Calculate the power that can be safely transferred by 100mm diameter shaft rotating at 150 RPM.

Assume the material is medium carbon steel.

Ultimate shear stress = 580N/mm2 ÷ 6 for dead load = 96.67N/mm2 [ζ] ]

Torque T = Jζ/R or 2Jζ/D

Where J = Polar second moment of area = ПD4/32 for a solid shaft.

Now T = 2ПD4ζ
32D

= ПD3ζ
16

= П*1003*96.67
16

 

[Mech_Engineer]

The answer you came up with, 6.042 N-m, is not a unit of power. Do you know how to calculate power tranmitted in the shaft, given the calculated torque and angular velocity?

 

[jamesy_81]

Do you know how to calculate power tranmitted in the shaft, given the calculated torque and angular velocity?

Thanks for the reply. no i dont? is that what i need to be doing? and what units should the answer be in?
Thanks

 

[Mech_Engineer]

The basic equation you're looking for is:

$$P_{max} = T_{max} * \omega$$

Where P is in units of Watts, T is N*m, and Omega is rad/s. This will give you the max power for the shaft based on its max torque it can carry.

 

[jamesy_81]

Is the max torque i got earlyer of 6,041875 Nmm or 6,042 NM right? if so do i times that by 15.7 rps. as 150 rpm is 15.7 rps?

 

[DickL]

If you are after the max. safe power that can be transmitted, then you probably should not use the ultimate shear stress. When the ultimate stress is reached it is pretty certain the shaft will have failed. I would use the yield stress and then apply a factor of safety to reduce the stress to a level that would ensure no failure resulted. In most machines, when a member yields (permanent deformation) that is considered a failure. For an exam or class problem using a SF of 1 maybe reasonable. In an actual design the SF might range for 1.2 to 3 or higher, depending on the consequences of a failure.

 

[spanky489]

Is the max torque i got earlyer of 6,041875 Nmm or 6,042 NM right? if so do i times that by 15.7 rps. as 150 rpm is 15.7 rps?

the torque on the edge of your shaft is T=F*r , where F is the force transmitted through various mechanical mates unless your shaft is coming out of the power source directly.
r is the radius=d/2. Power of your torque is P=T*w where w is the angular velocity like mech_engineer said.
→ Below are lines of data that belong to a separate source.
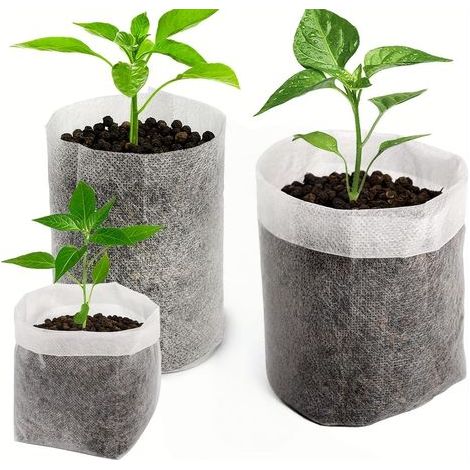 Sacs de semis adaptés aux semis (lot de 10) — Sacs à plantes en tissu non tissé, fournitures adaptées au potager et sacs de repiquage (10 x 10 cm) (1/5)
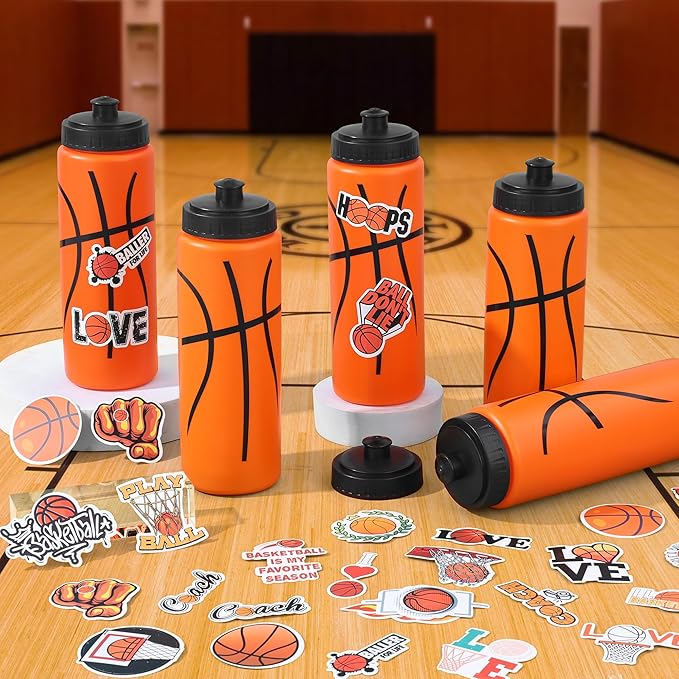 DI QIU REN 12 PCS Basketball Water Bottle Bulk with 300 PCS Stickers, 20 OZ Plastic Reusable Basketball Water Bottles for Boys, Squeeze Water Bottles Sports for Team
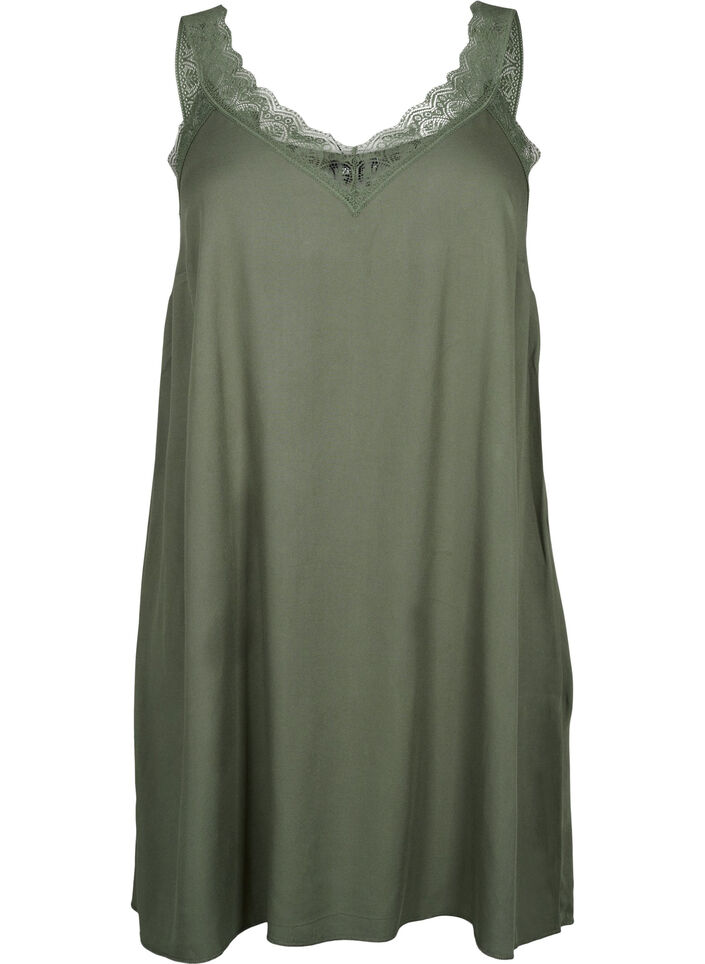 Sukienka na ramiaczkach z wiskozy z koronka, Thyme, Packshot image number 0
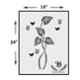 Kayra Decor 16x24 inch PVC Creepers Leaf with Butterfly Wall Design Stencil, KHS404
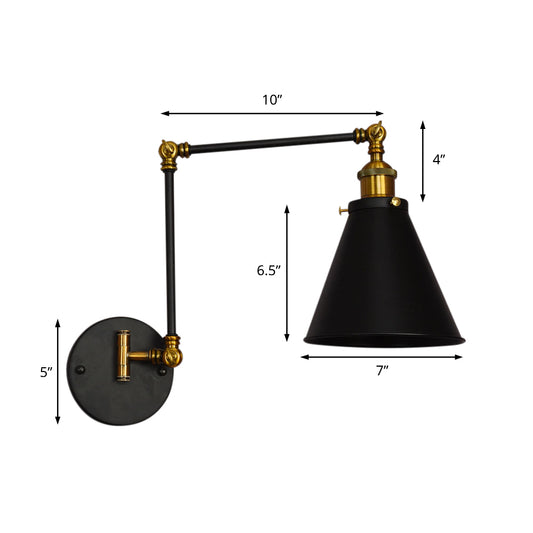 Black One Light Sconce Light Industrial Metal Cone Shade Wall Lighting Fixture for Living Room Clearhalo 'Art deco wall lights' 'Cast Iron' 'Glass' 'Industrial wall lights' 'Industrial' 'Middle century wall lights' 'Modern' 'Rustic wall lights' 'Tiffany' 'Traditional wall lights' 'Wall Lamps & Sconces' 'Wall Lights' Lighting' 205307
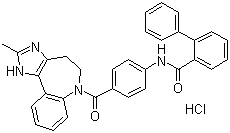 结构式 CAS# 168626-94-6, 盐酸考尼伐坦; N-[4-(2-甲基-4,5-二氢-3H-咪唑并[4,5-d][1]苯并氮杂卓-6-甲酰基)苯基]-2-苯基苯甲酰胺盐酸盐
Now in order to get 6.042 Nm you need a force and radius, you have only 1, so there is no way that your torque is correct based on your data. if you wanted to get your result your force would have to be 120.84 N, since 120.84 N * 100mm/2 = 6.042 Nm

your best shot would be to give the forum some more information on your problem and we can help you out.
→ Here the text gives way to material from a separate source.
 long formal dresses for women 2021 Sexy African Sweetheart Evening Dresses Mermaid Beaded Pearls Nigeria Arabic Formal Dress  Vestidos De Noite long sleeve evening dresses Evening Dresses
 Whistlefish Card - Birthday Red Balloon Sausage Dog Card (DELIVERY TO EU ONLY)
also 150 rpm is not 15.7 rps but 2.5 rps, 1 minute has 60 seconds so you just divide 150 by 60.

 

[DickL]

The maximum safe torque can be calculated using the formula you've listed, but use the maximum safe stress rather and the ultimate stress. The maximum safe power is then computed from P=T*angular velocity (rad/s).
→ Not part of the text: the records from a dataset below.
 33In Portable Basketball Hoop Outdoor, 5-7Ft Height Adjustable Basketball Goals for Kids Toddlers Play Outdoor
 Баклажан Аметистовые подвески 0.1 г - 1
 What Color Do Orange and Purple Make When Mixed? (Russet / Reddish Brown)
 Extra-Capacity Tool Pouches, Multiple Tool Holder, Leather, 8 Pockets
The angular velocity is rpm / 60 sec/min * 2PI rad/rev

 

[nvn]

jamesy_81: Homework questions go in the engineering homework forum, not here. We are not allowed to give you the relevant equations nor tell you how to solve your homework problem. You must list relevant equations yourself. And you must use the homework template. Read the PF rules.

Your formula in post 1 is correct. But do not forget to convert torque T in post 1 from N*mm to N*m, before you multiply T by angular velocity w.

For zeta in post 1, use shear ultimate strength (580 MPa) divided by 6, as your given problem in post 1 states. You are correct; zeta = 96.67 MPa.

 

[Mech_Engineer]

Is the max torque i got earlyer of 6,041875 Nmm or 6,042 NM right? if so do i times that by 15.7 rps. as 150 rpm is 15.7 rps?

Correct, although "rps" can be misconstrued as "revolutions per second" instead of "radians per second." I would recommend stating the units of your angular speed as 15.7 rad/s to avoid ambiguity.

Everything said and done, a torque of 6.042 N-m and an angular speed of 15.7 rad/s gives you a power throughput of 95 watts.

 

[nvn]

Is the max torque I got earlier of 6,041875 N*mm or 6,042 N*m right?

No, that is wrong. Try again.